WHAT YOU SHOULD DO :: Directions for the data below: repeat exactly the lines from the one with "hokej plzeň 30" through the one with "Wild Stallion, Golden", both included, and omit all pictures.

Start of GIVEN DATA

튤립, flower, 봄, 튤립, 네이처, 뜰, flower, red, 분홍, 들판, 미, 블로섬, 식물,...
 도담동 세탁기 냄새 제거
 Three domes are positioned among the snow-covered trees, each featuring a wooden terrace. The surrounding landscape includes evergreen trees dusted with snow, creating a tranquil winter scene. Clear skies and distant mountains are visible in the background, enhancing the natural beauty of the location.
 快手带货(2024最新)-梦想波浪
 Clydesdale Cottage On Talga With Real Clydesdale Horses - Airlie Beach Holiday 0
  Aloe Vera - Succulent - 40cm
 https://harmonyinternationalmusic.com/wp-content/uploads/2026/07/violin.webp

End of GIVEN DATA
Start of GIVEN DATA

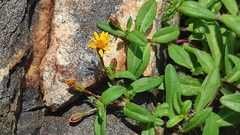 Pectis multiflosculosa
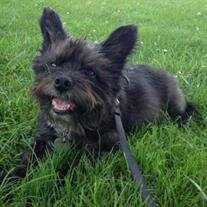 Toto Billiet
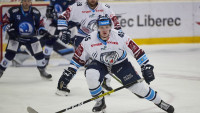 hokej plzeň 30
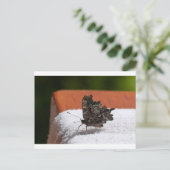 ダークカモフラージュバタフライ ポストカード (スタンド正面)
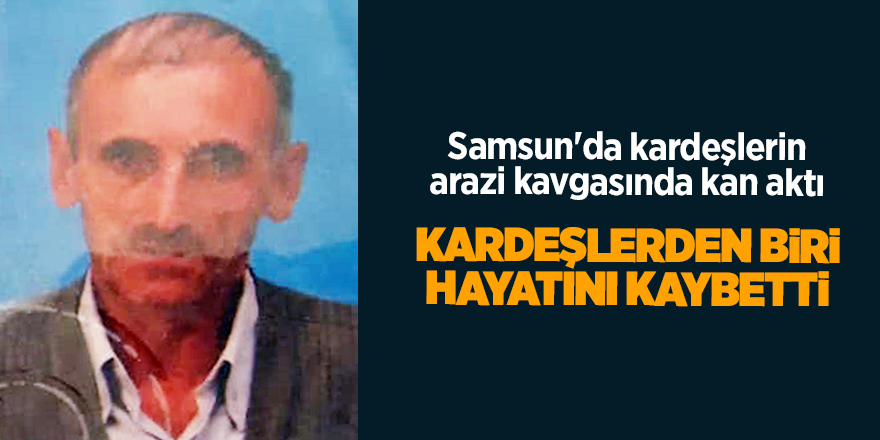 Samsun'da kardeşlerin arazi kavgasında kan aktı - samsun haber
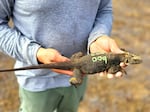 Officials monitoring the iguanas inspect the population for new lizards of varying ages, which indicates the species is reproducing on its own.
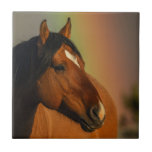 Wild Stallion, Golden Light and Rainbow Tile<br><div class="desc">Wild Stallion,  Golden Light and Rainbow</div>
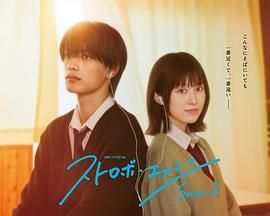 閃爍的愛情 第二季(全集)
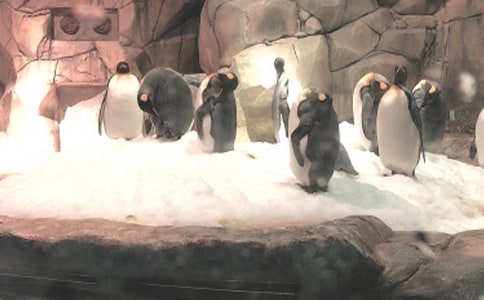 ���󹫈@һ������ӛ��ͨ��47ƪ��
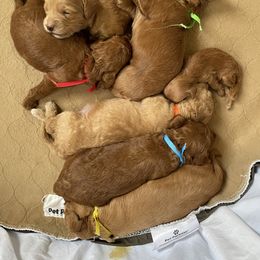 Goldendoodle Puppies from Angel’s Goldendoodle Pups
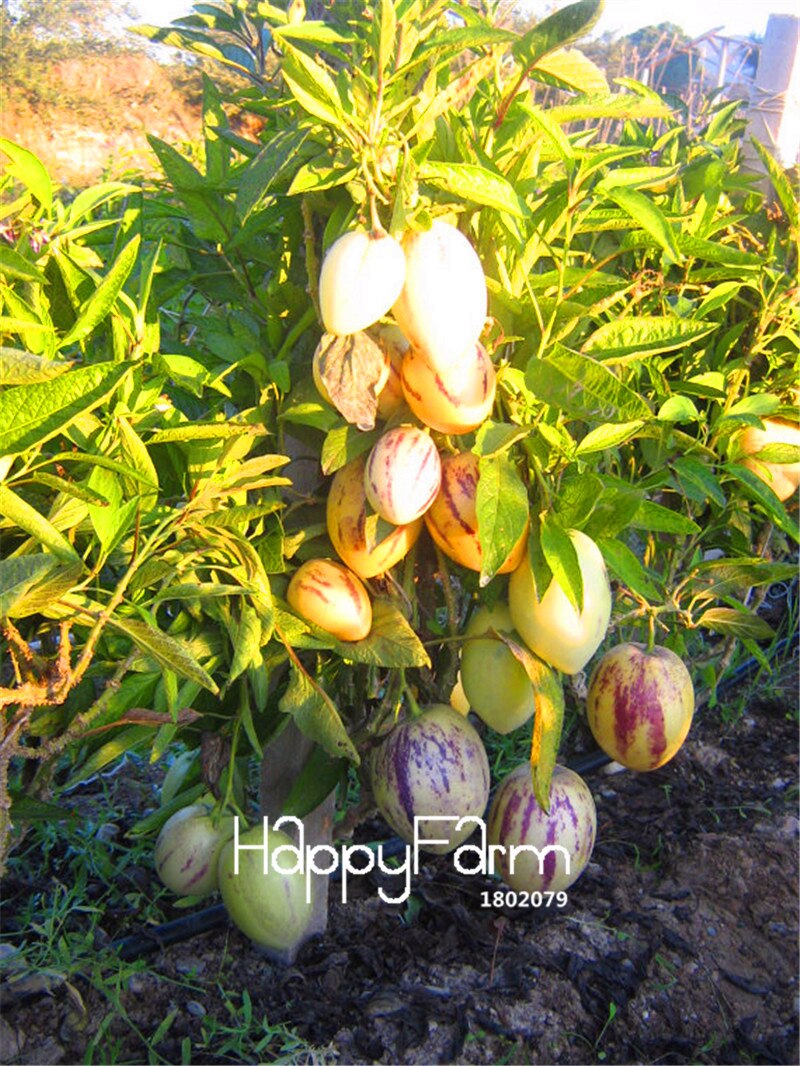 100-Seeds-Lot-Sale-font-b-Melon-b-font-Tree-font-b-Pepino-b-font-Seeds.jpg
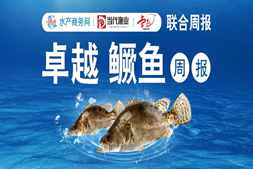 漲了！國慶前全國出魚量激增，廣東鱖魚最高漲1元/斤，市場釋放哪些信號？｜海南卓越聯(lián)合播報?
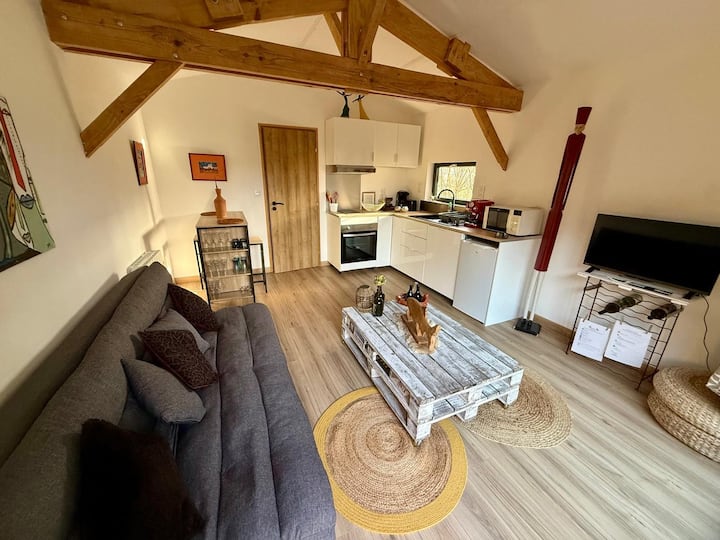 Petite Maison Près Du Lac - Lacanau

End of GIVEN DATA
Start of GIVEN DATA

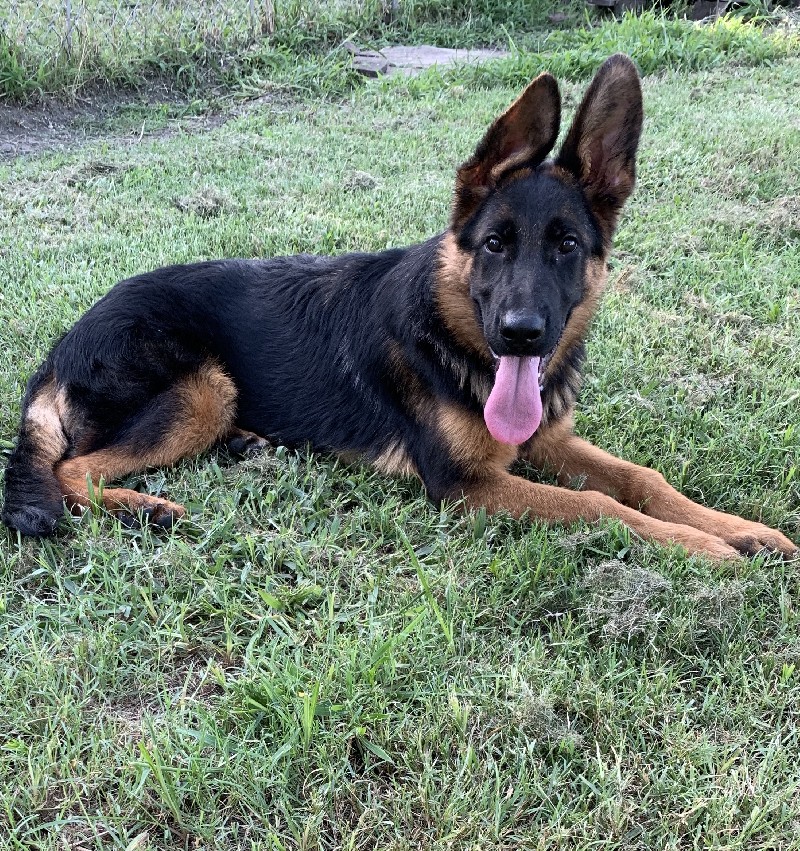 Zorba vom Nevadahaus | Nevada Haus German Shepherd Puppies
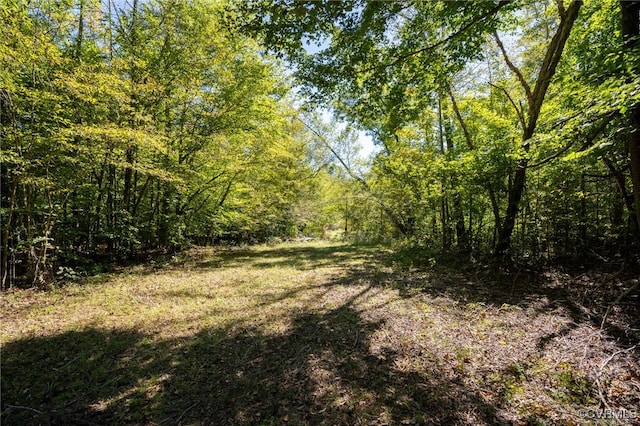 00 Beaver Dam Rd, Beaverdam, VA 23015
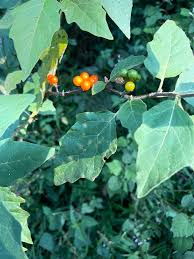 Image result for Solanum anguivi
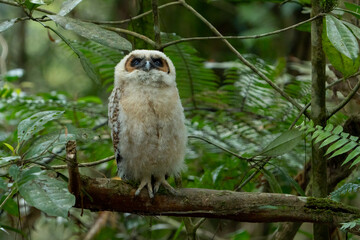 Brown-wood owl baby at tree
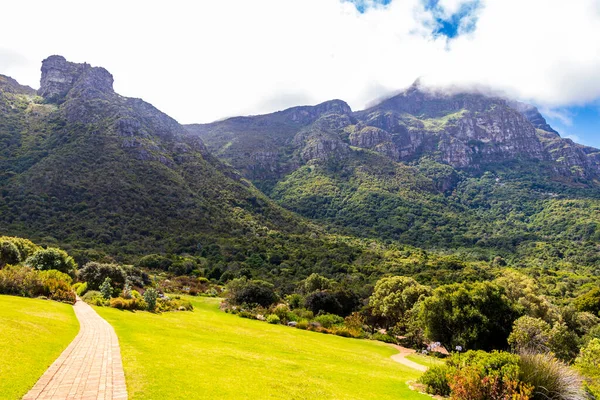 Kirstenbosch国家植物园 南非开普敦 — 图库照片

End of GIVEN DATA

EXERCISE RESULT ::
 hokej plzeň 30
 ダークカモフラージュバタフライ ポストカード (スタンド正面)
 Samsun'da kardeşlerin arazi kavgasında kan aktı - samsun haber
 Officials monitoring the iguanas inspect the population for new lizards of varying ages, which indicates the species is reproducing on its own.
 Wild Stallion, Golden Light and Rainbow Tile<br><div class="desc">Wild Stallion,  Golden Light and Rainbow</div>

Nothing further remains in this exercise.